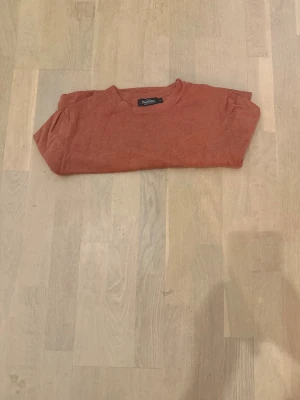 Rostbrun stickad tröja Dressmann - Snygg rostbrun stickad tröja från Dressmann i storlek L. Tröjan har rund hals och långa ärmar, perfekt för dig som gillar enkel och stilren design. Materialet är mjukt och skönt, passar bra till jeans eller chinos. Färgen är varm och höstig.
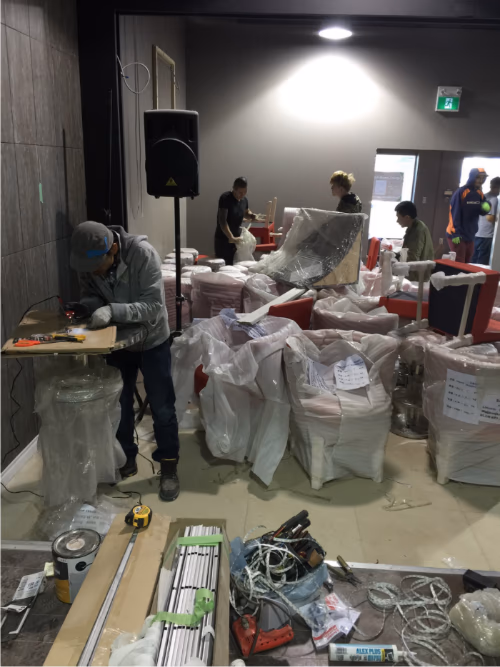 This image captures the equipment delivery phase of a 7000 sqft private club renovation project in Toronto. Large commercial fixtures and custom-built components are being unloaded from a shipping container, carefully prepared for interior installation.

The project involves coordinated logistics, material handling, and staged installation to ensure smooth construction progress. Deliveries like these typically include custom furniture, structural components, or entertainment-related equipment required for a high-end private club build-out.

Managed by an experienced Toronto renovation team, this large-scale commercial project demonstrates organized project planning, safe material handling, and professional construction workflow from delivery to final installation.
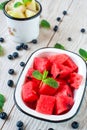 Watermelon and melon cubes, blueberry and mint leaves Royalty Free Stock Photo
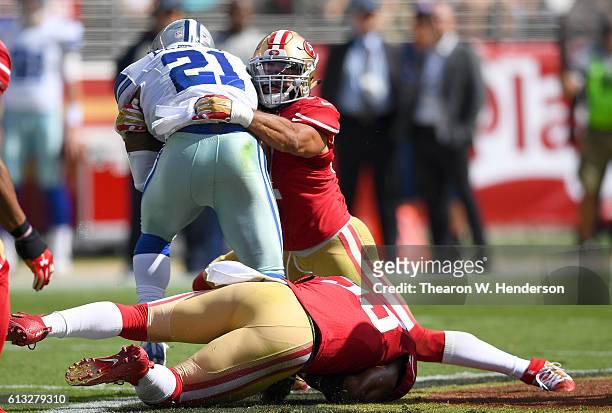 Ezekiel Elliott of the Dallas Cowboys gets tackled by Michael Wilhoite of the San Francisco 49ers during the first half of their NFL football game at...
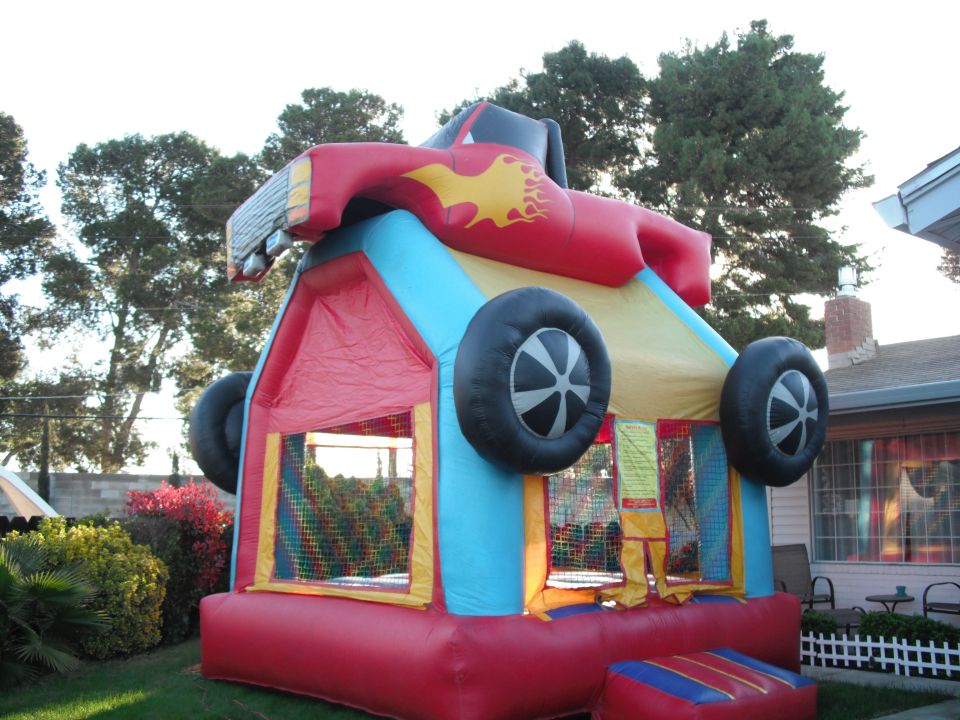 Inflatable bounce house with red race car top and large black wheels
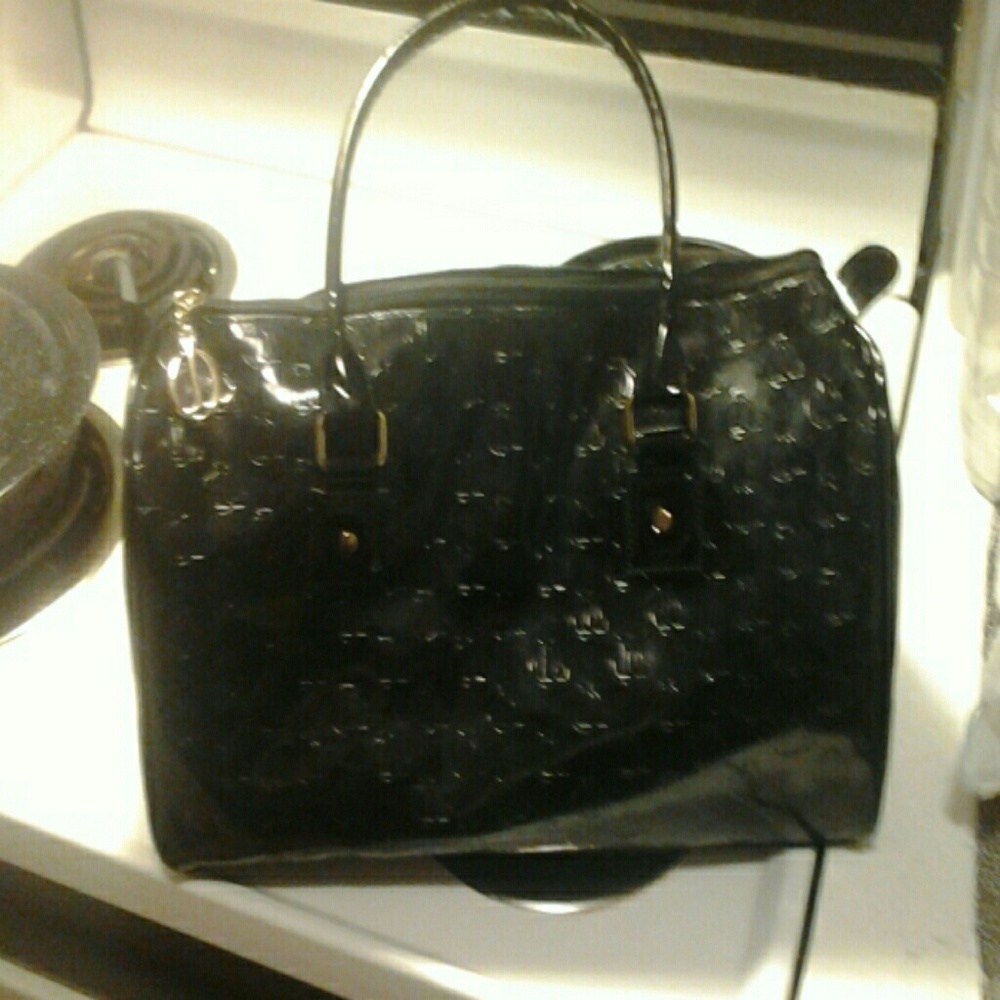 A all black Queen Latifa purse
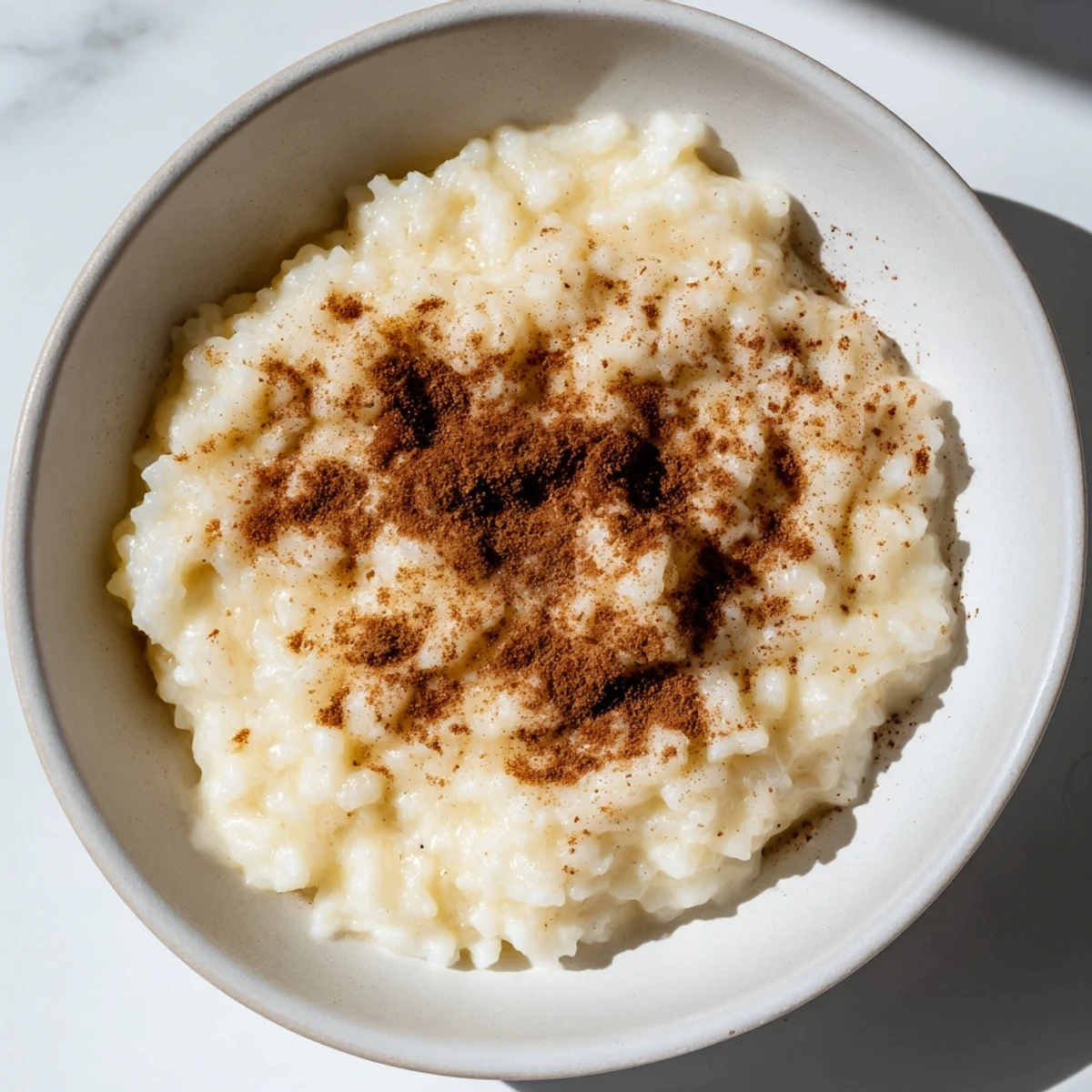 Enjoy a spoonful of rich and flavorful Rice Pudding with Leftover Rice, perfect for dessert.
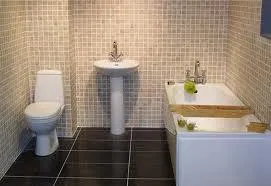 A completed bathroom with a wall-hung basin and mixer tap.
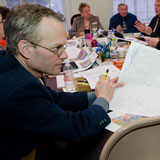 Rep. William Jewett looks over a version of the redistricting map. VTD/Josh Larkin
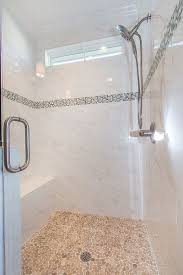 Master Shower With Pebbles On The Floor And Glass Accent Band With Mirasol Carrera Tile Custom Tile Shower Marble Showers Master Shower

### Work request
How many of the listing's lines contain "handling"? Respond with a single number and nothing else.

### Task solution
2